(Captioned web images)
☆ ☆ ☆

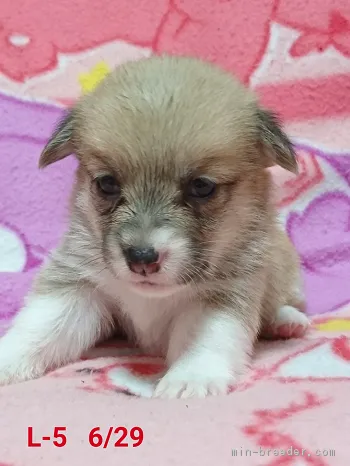 ID：1707-02579の子犬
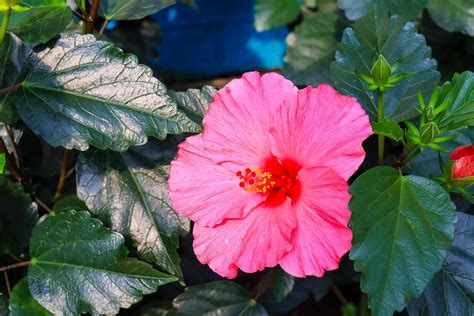 Hibiscus Flower Hibiscus Rosa Sinensis L Is A Shrub Of The Malvaceae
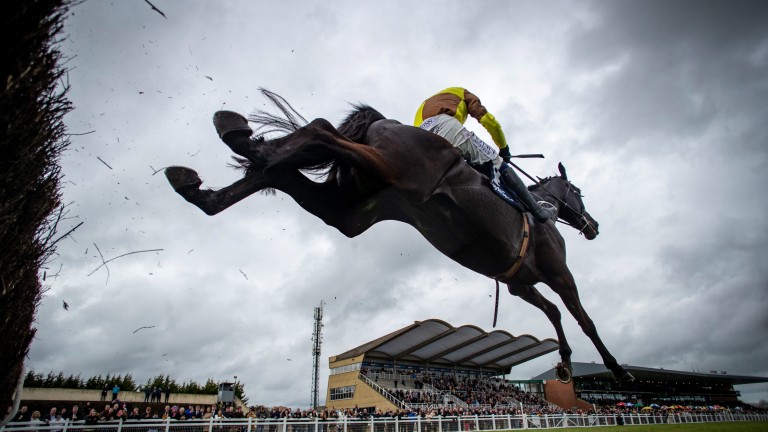 Galopin des Champs volvió a ganar en Fairyhouse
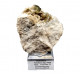 edenite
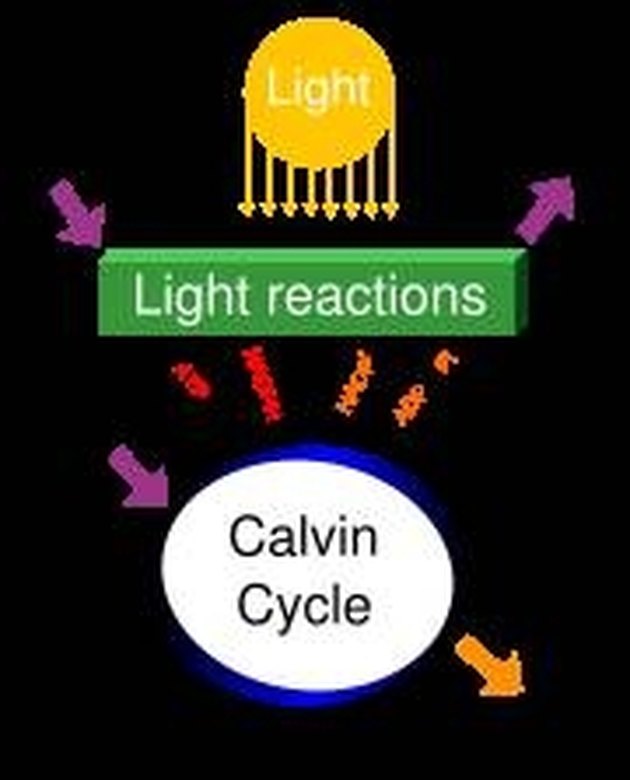 How Do Plants Create Their Own Food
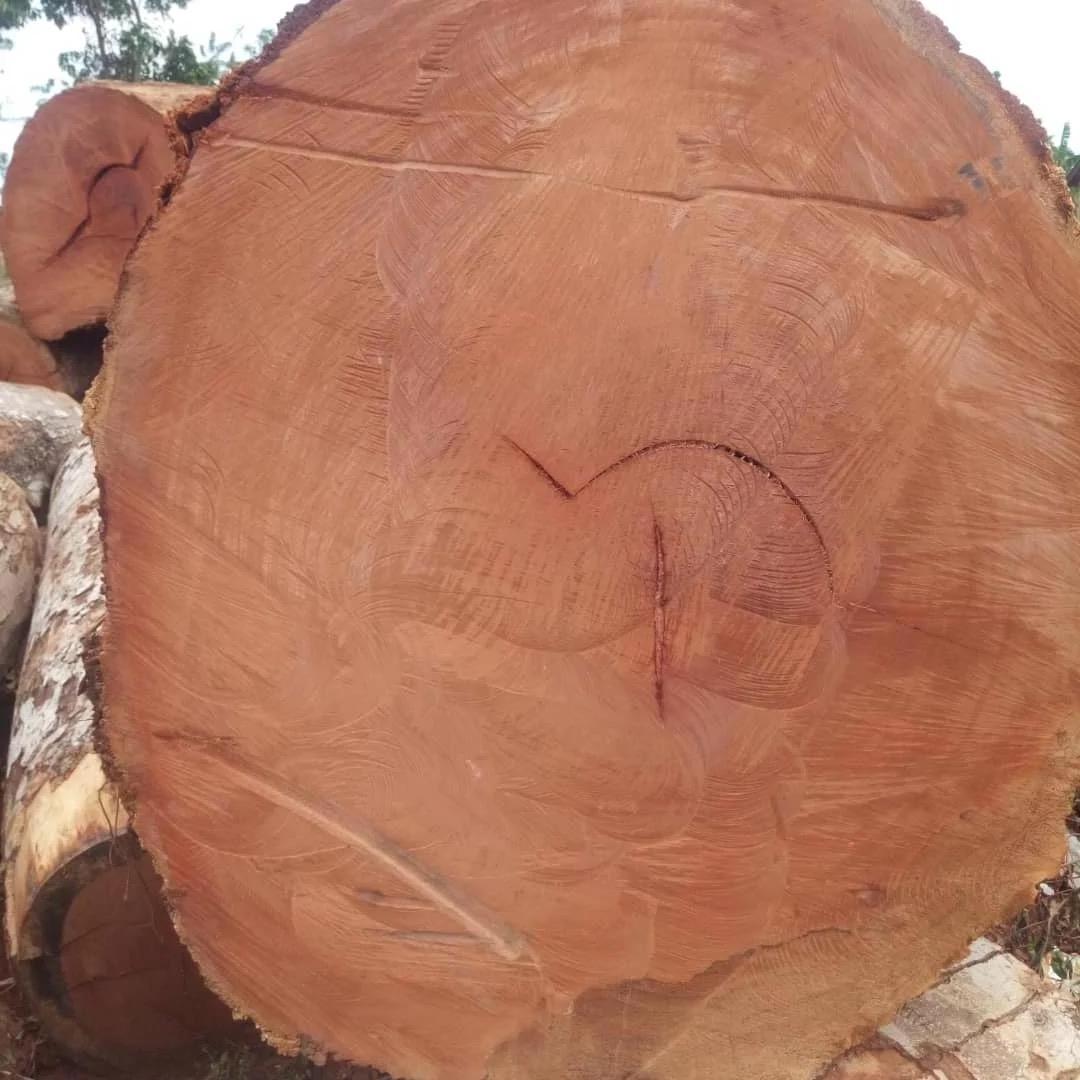 Top Quality Red Oak Log Timber Bulk Quality Red Oak Logs Timber Sawlogs Wood Red Oak Round Logs For Sale Best Grade Natural Euca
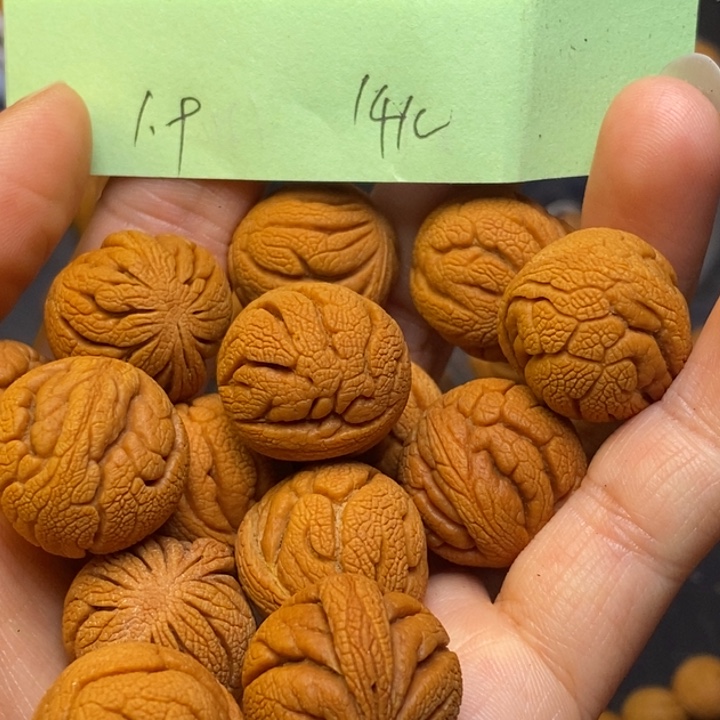 吊坠桃核秦岭龙纹桃核19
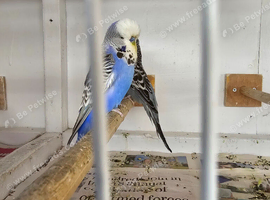Budgies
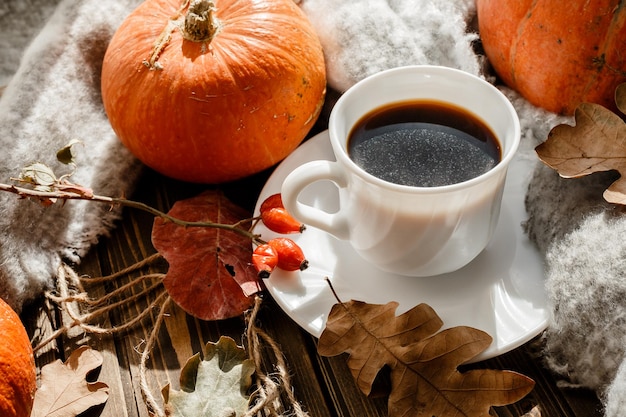 Hermosa composición de otoño con hojas de otoño de café y calabazas sobre un fondo de árbol rústico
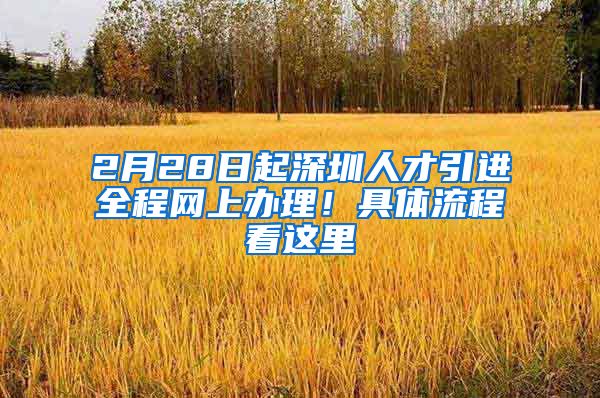 2月28日起深圳人才引进全程网上办理！具体流程看这里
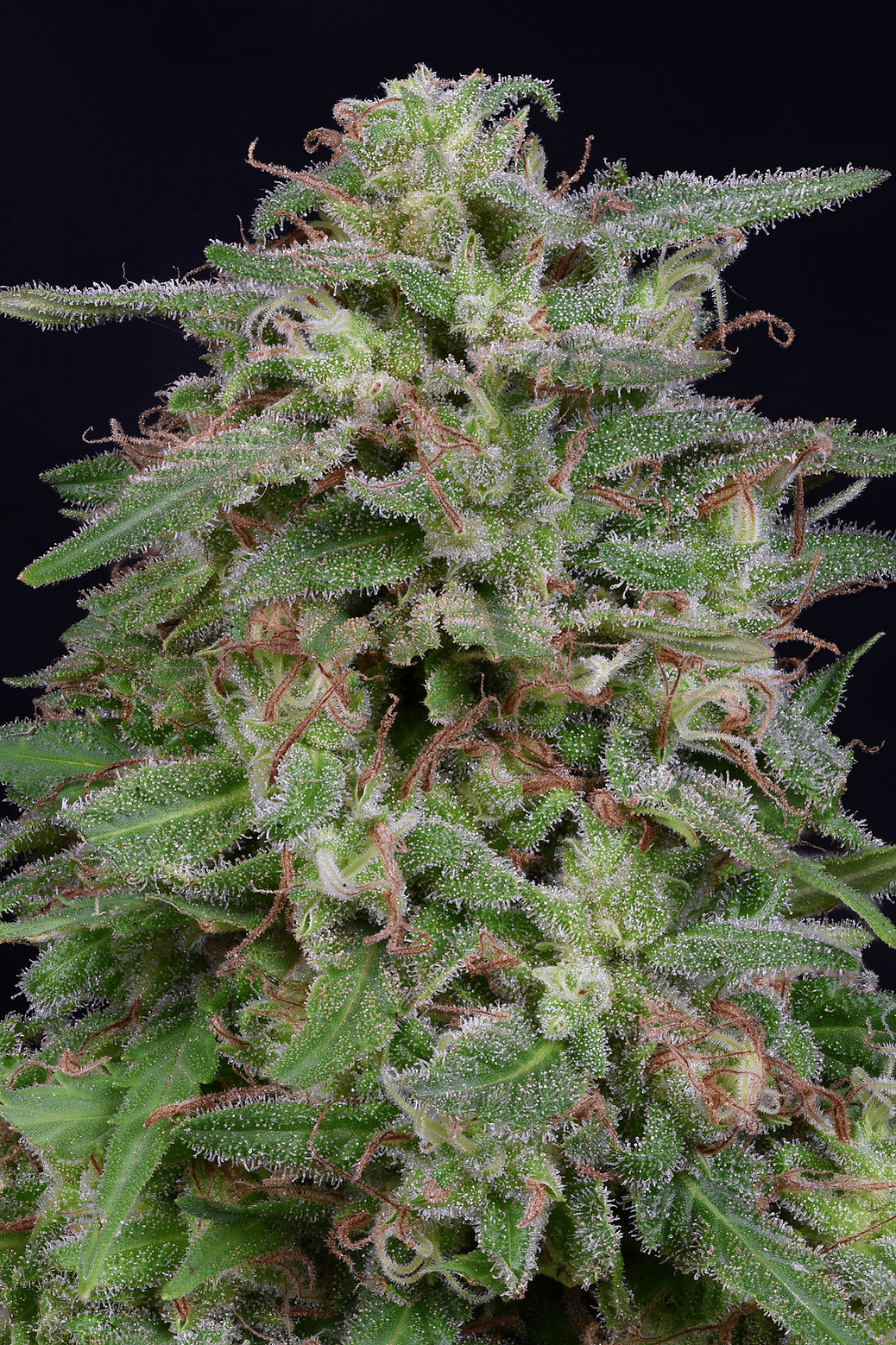 White Widow (Big Head Seeds)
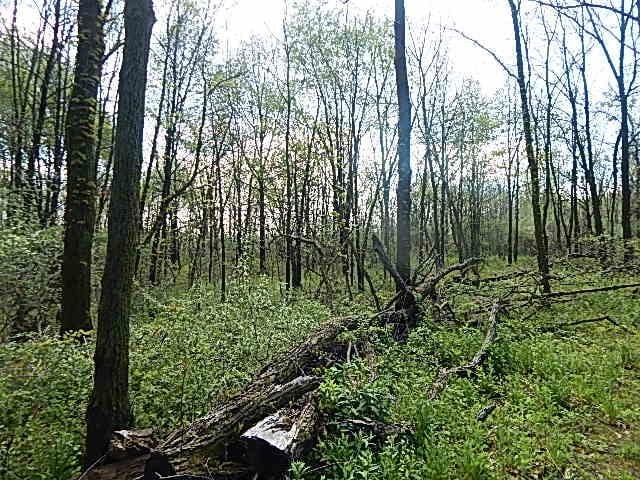 7200 Combs Rd, Jerome, MI 49249 - photo 24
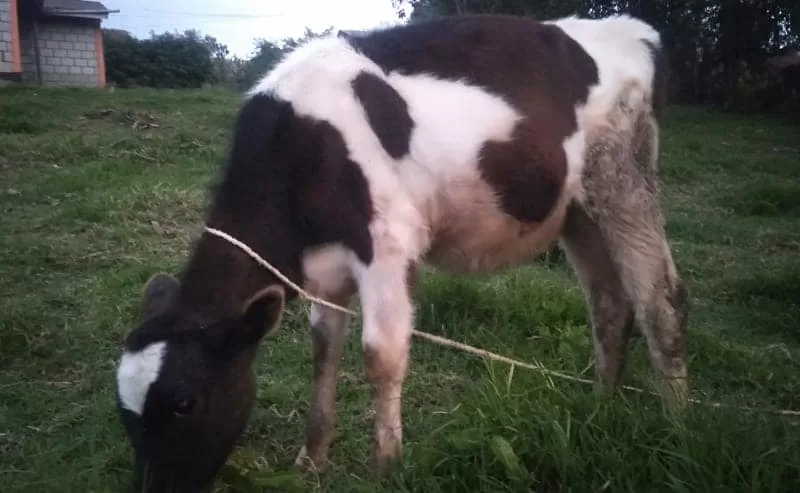 HEIFER 10 MONTHS OLD FOR SALE IN KERICHO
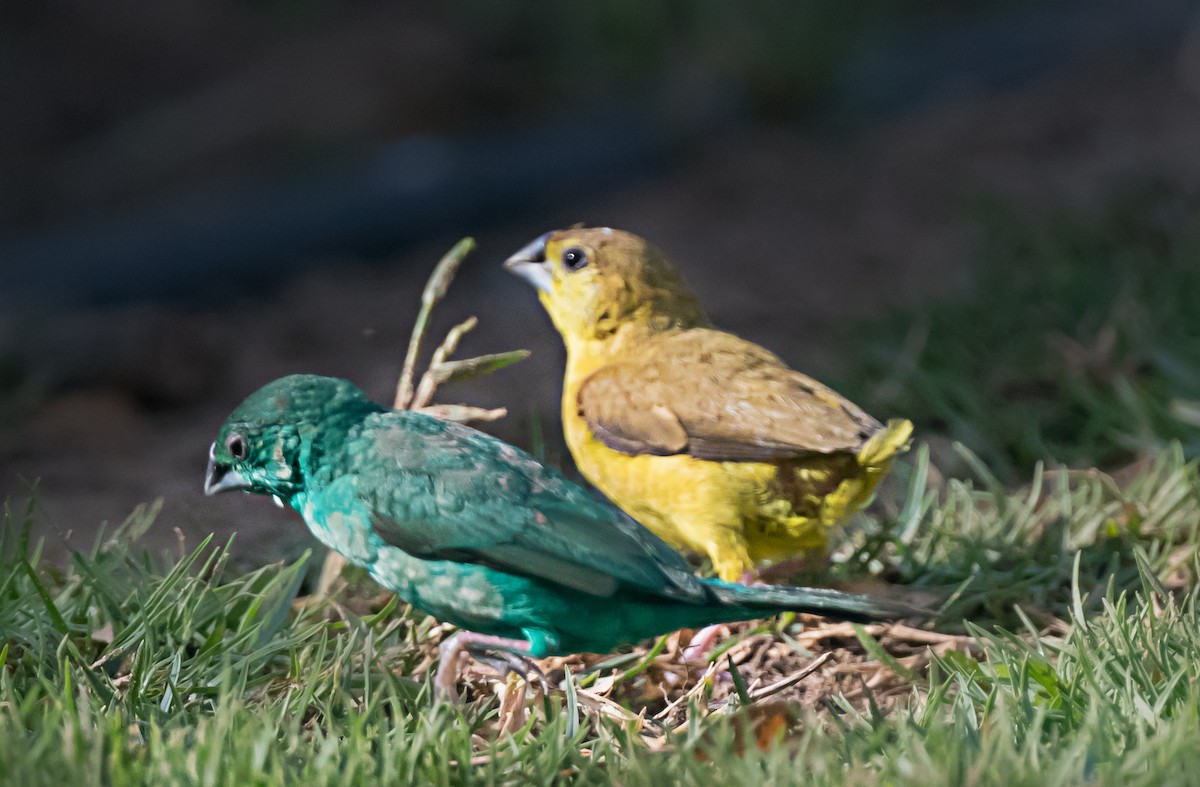 白喉文鳥 - ML652066465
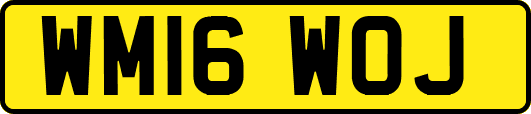 WM16WOJ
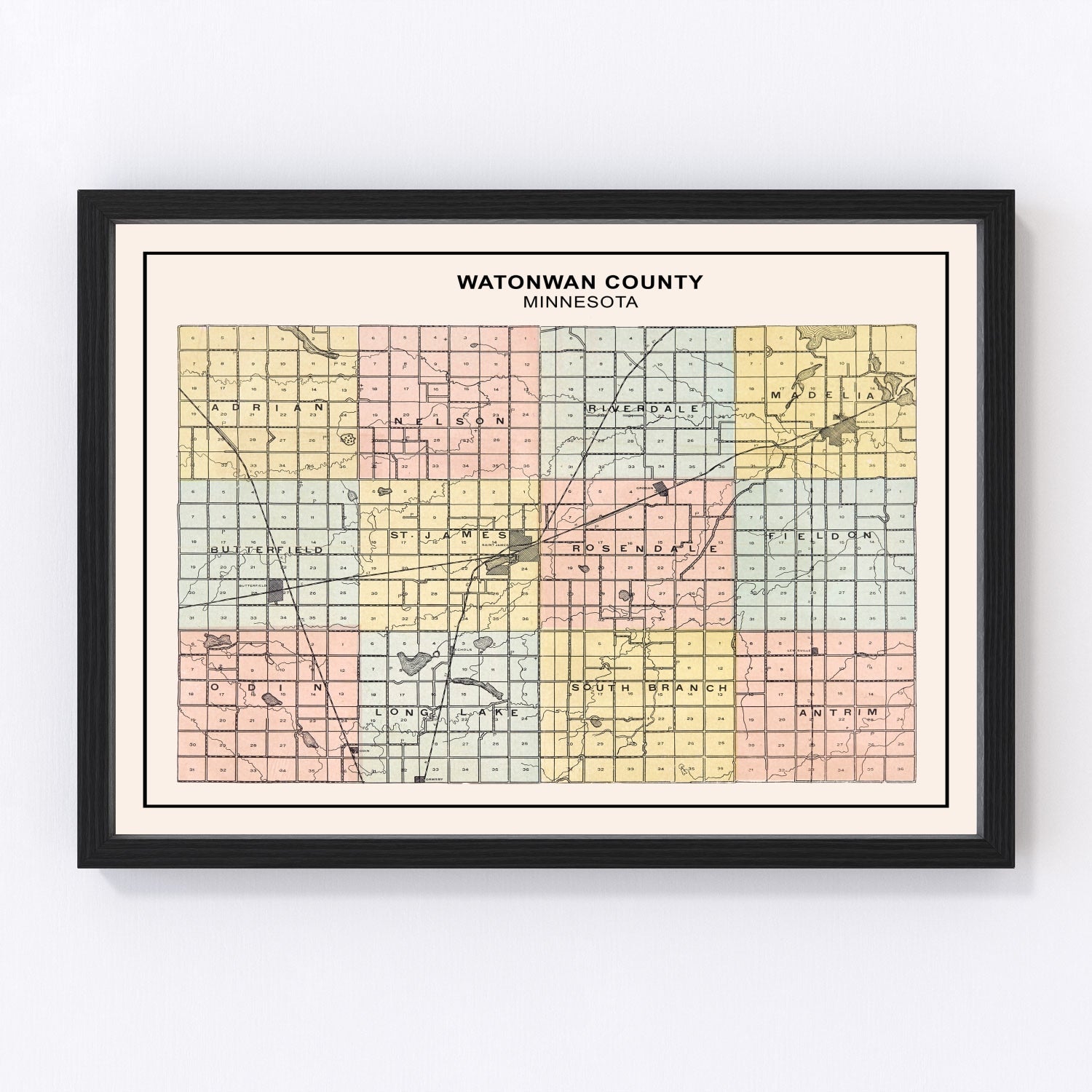 Vintage Map of Watonwan County, Minnesota 1907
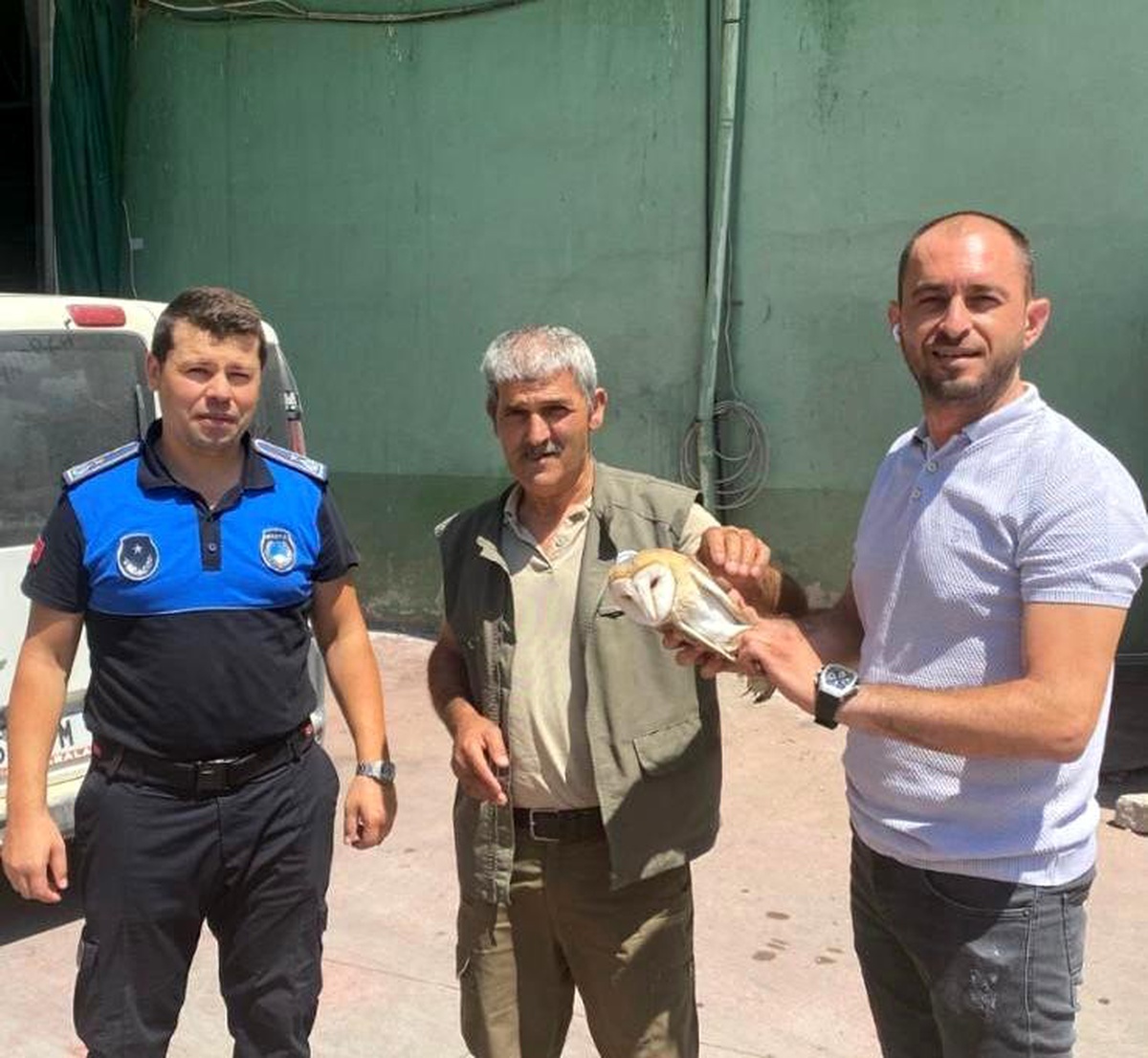 Yaralı halde bulunan peçeli baykuş tedavi altına alındı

☆ ☆ ☆

▶ _WORK REQUIRED_: Copy out the entries exactly. No pictures.

▶ _ANSWER SECTION_:
 ID：1707-02579の子犬
 Hibiscus Flower Hibiscus Rosa Sinensis L Is A Shrub Of The Malvaceae
 Galopin des Champs volvió a ganar en Fairyhouse
 edenite
 How Do Plants Create Their Own Food
 Top Quality Red Oak Log Timber Bulk Quality Red Oak Logs Timber Sawlogs Wood Red Oak Round Logs For Sale Best Grade Natural Euca
 吊坠桃核秦岭龙纹桃核19
Budgies
 Hermosa composición de otoño con hojas de otoño de café y calabazas sobre un fondo de árbol rústico
 2月28日起深圳人才引进全程网上办理！具体流程看这里
 White Widow (Big Head Seeds)
 7200 Combs Rd, Jerome, MI 49249 - photo 24
 HEIFER 10 MONTHS OLD FOR SALE IN KERICHO
 白喉文鳥 - ML652066465
 WM16WOJ
 Vintage Map of Watonwan County, Minnesota 1907
 Yaralı halde bulunan peçeli baykuş tedavi altına alındı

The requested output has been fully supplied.